As MotoGP said, manufactured by SWS - in Dubai of all places:eyetwitch2:! Apparently is more economically advantageous to produce and distribute their boards from that geographic location. I suspect they are getting massive subsidies by the local government to base their operation there. Dubai wants to be the manufacturing/distribution hub of that area, if not the entire overseas market soon it seems.


----------



## deagol

made in Dubai? That's crazy. I will opt for something a lot more local, helps out the local economy and more responsible to buy something that doesn't need to be shipped from the other side of the world.

Venture Snowboards

or 

Snowboards | Never Summer Industries - Snowboards, Longboards, Clothing and Accessories

for starters.


----------



## Nivek

Not really since nearly the manufacturing materials come from China and Europe.

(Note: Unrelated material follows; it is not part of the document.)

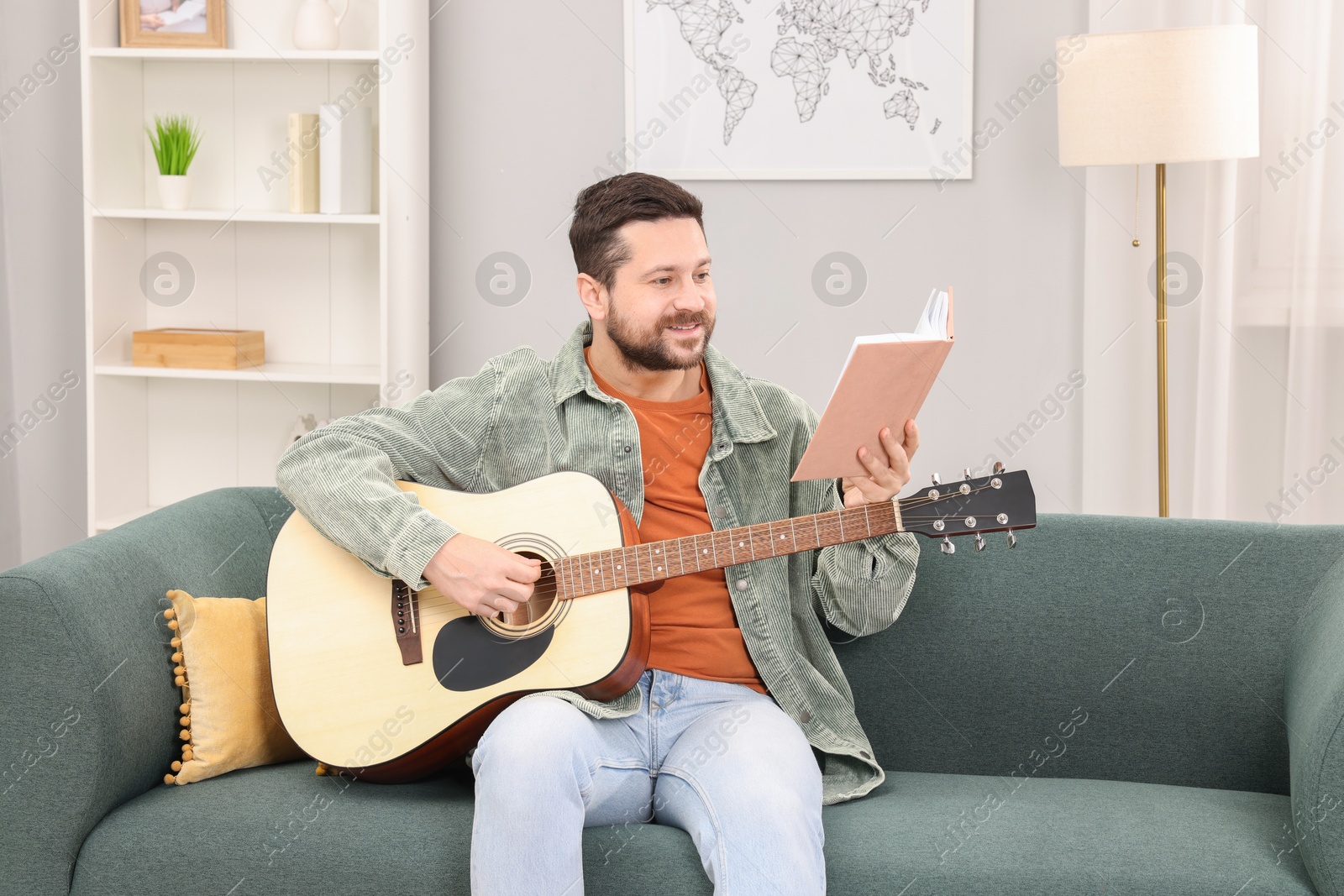 Photo of Relaxing hobby. Smiling man with guitar and book on sofa at home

That said, I absolutely support Venture. NS, well, stick around and you'll discover my opinion there.


----------



## PlanB

deagol said:


> made in Dubai? That's crazy. I will opt for something a lot more local, helps out the local economy and more responsible to buy something that doesn't need to be shipped from the other side of the world.


I know, you've got to think that the decision-makers at companies who use SWS (YES for example) thought about this and felt that the cost-savings generated by relocating their production to Dubai would more than off-set the losses they might incur from people choosing more locally sourced equipment. Really though, is it that much different than buying a board made at the GST factory in Austria?


----------



## deagol

PlanB said:


> .. Really though, is it that much different than buying a board made at the GST factory in Austria?


not sure, TBH. I guess you could draw a distinction about Dubai if you wanted to get more political, or something (not gonna go there). For me in CO, though, I am lucky to have at least two in-state manufacturers (there are more) to choose from. I was lucky enough to have toured both facilities recently, as well. I believe they both make excellent product, so have no reason to buy something made on the other side of the world. YMMV


----------



## Littlebigdreams

I got some more pictures that my roommate sent to me. 

2016 Snowboards - Imgur


----------



## ek9max

Littlebigdreams said:


> I got some more pictures that my roommate sent to me.
> 
> 2016 Snowboards - Imgur


Just saw those on Reddit. 

Looks like Endeavor moved all their boards to the channel.


----------



## ek9max

Pics are awesome. Can't wait for catalogs!


----------



## Altephor

Littlebigdreams said:


> I got some more pictures that my roommate sent to me.
> 
> 2016 Snowboards - Imgur


What's the Never Summer Aura? New women's board?


----------



## F1EA

ek9max said:


> Just saw those on Reddit.
> 
> Looks like Endeavor moved all their boards to the channel.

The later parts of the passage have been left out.